- Education: University of Peradeniya
- Occupations: novelist, writer, educator
- Known for: Little Heroes of Randeniya

= Thalatha Wijerathna =

Sri Lankan novelist and educator

Thalatha Wijerathna also spelt as Thalatha Wijeratne is a Sri Lankan children's book author and educator. She has written and published two novels for the children.

== Career ==
She graduated in science from the University of Peradeniya where she also obtained her Master of Arts in higher education. After graduation, she pursued a career as a school teacher and served as a high school teacher for over 36 years. She also served as a member of the Translator's Pool of the Official Languages Department of Sri Lanka. After her retirement, she pursued her interest in writing and publishing novels.

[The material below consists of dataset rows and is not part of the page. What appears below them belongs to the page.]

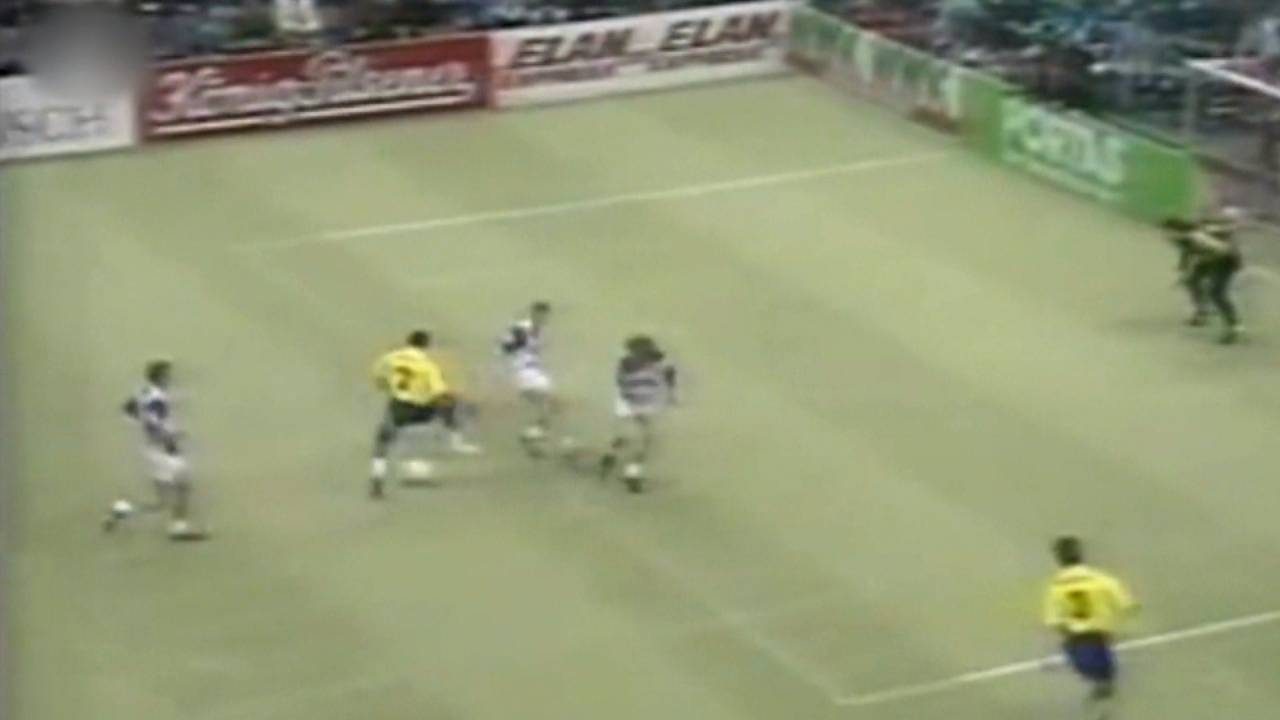 Jay-Jay Okocha, Giovane Elber und Co.: Die legendärsten Hallenkicker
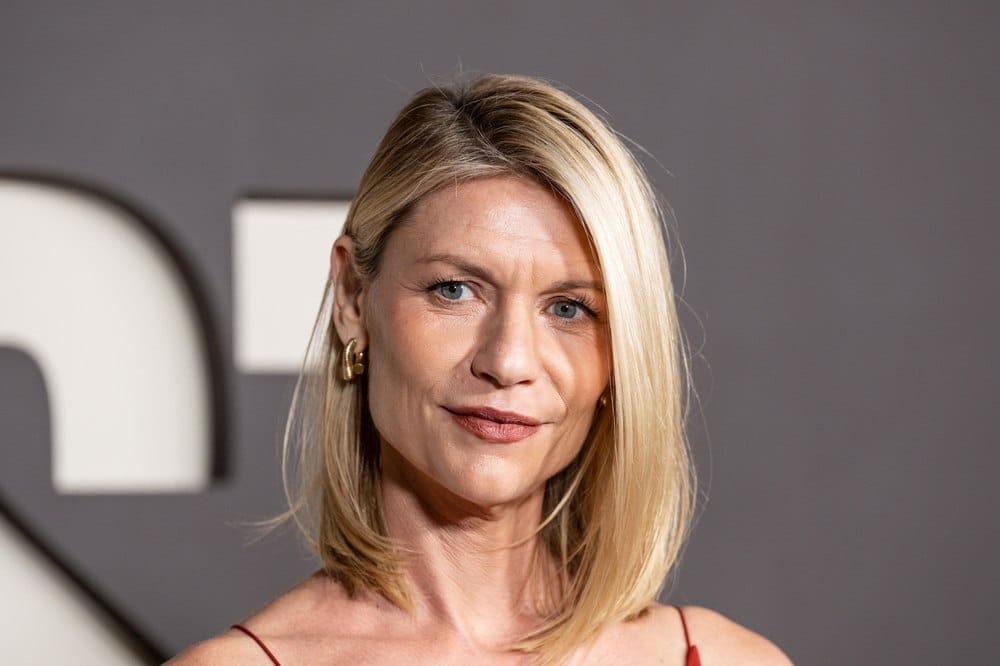 Kler Dejns, portret, izražena joj je mimika na licu, vide se bore, izgleda prirodno.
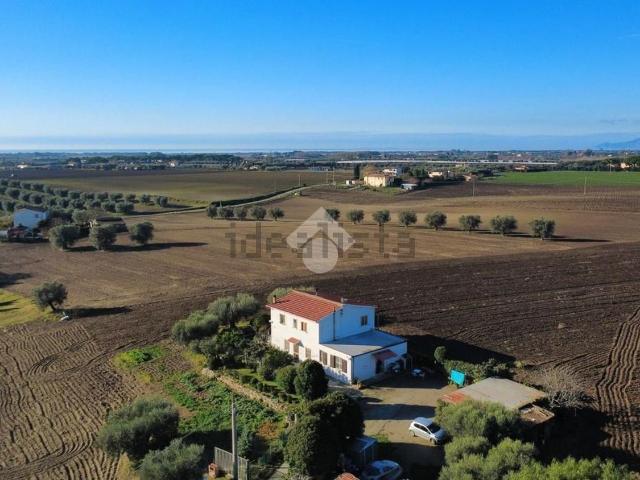 Casa in vendita a Montalto Di Castro, Lazio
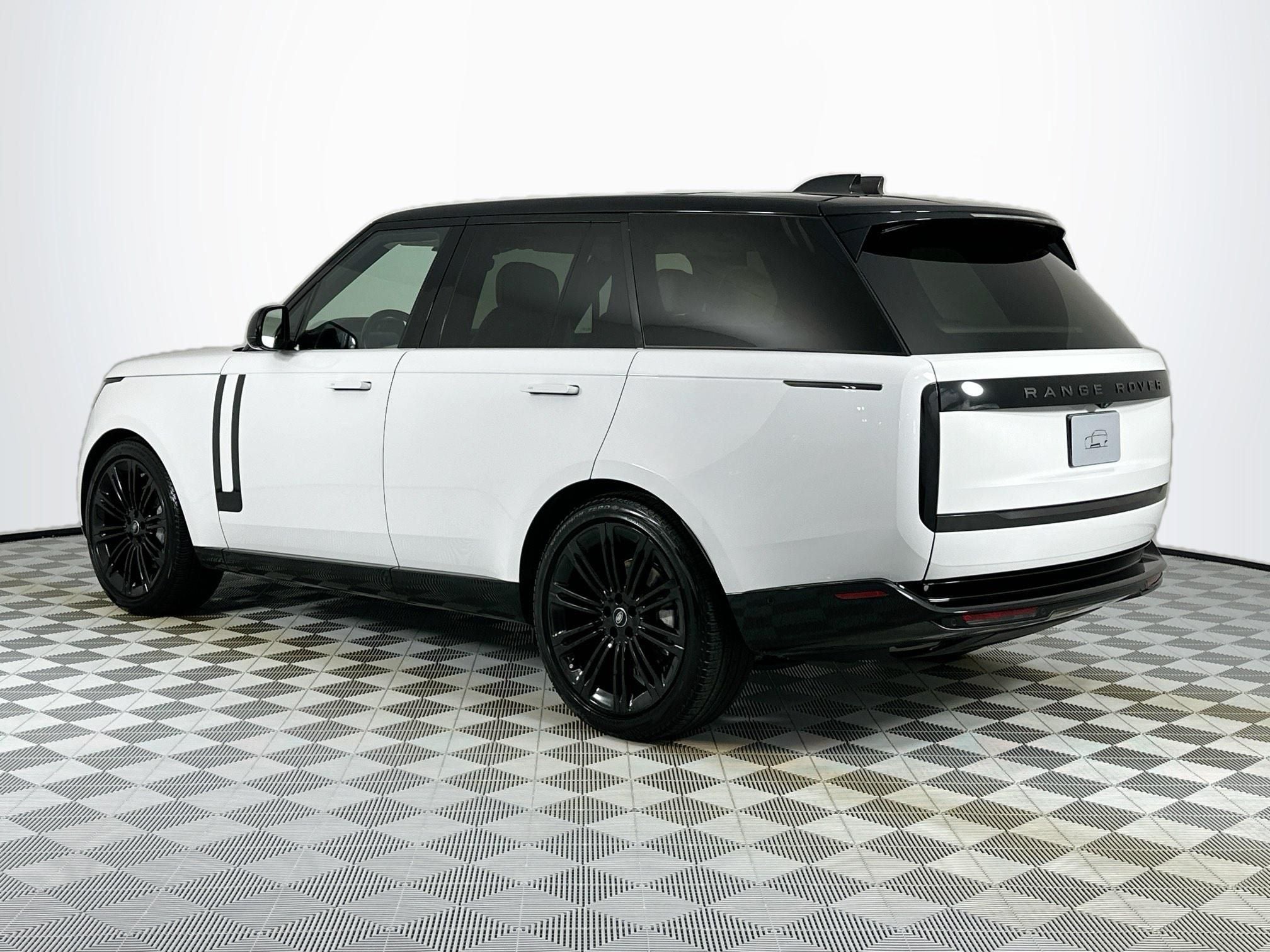 2024 Land Rover Range Rover SE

She published her first children's novel Game Dagakarayo in Sinhala. In 2018 she published her second novel titled Little Heroes of Randeniya. The novel was based on an adventure undertaken by 3 children - Wasantha, Samantha and Sarath - and the story revolves around how the lives of the children and their future shape the legacy of the tiny village Randeniya. It was deemed as a milestone as well as a landmark novel of young adult literature in Sri Lanka. The novel also became a finalist in the children's category of the 2019 International Book Awards.

In 2020, she published her second novel, entitled An Adventure of the Little Heroes, which was the sequel to her previous novel Little Heroes of Randeniya.